◆ **REQUIRED ACTION**: Of all the lines below, output only those starting at the one with "Veronica Lario und" and ending at the one with "Official certifcate presentation", both ends included, exactly as written.

◆ **SOURCE INFORMATION**:
● ● ● ●

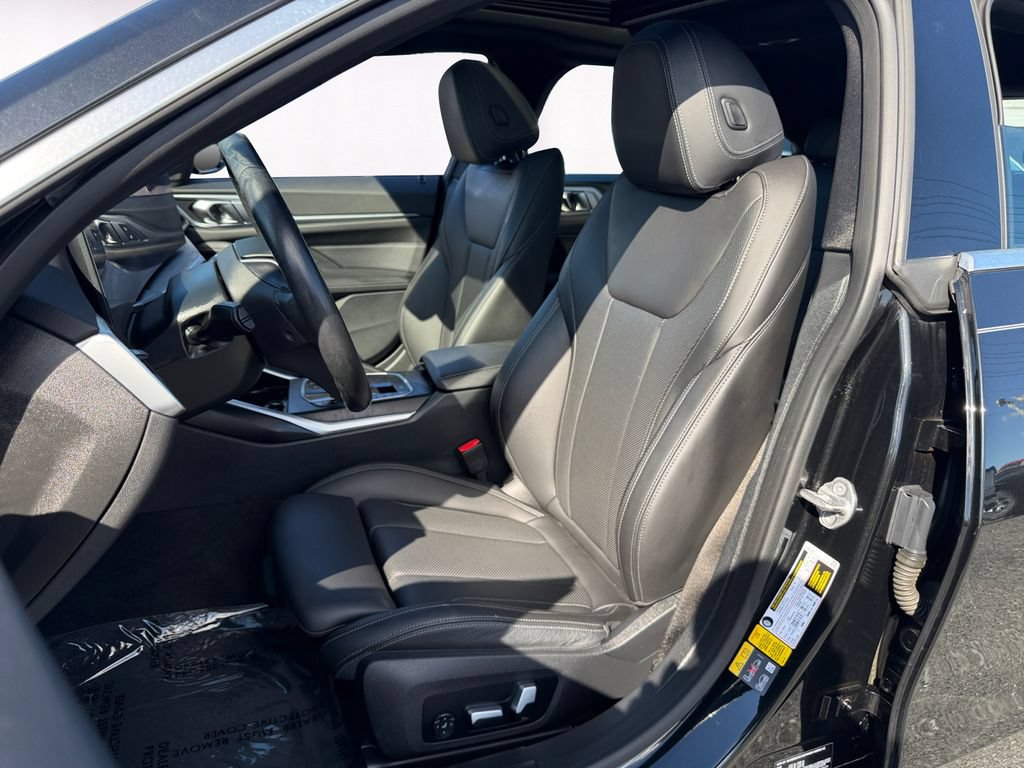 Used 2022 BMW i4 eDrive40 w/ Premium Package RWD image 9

● ● ● ●

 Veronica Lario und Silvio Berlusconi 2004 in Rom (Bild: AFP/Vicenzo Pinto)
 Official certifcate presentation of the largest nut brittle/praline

● ● ● ●

◆ **TASK RESPONSE**:
 Veronica Lario und Silvio Berlusconi 2004 in Rom (Bild: AFP/Vicenzo Pinto)
 Official certifcate presentation of the largest nut brittle/praline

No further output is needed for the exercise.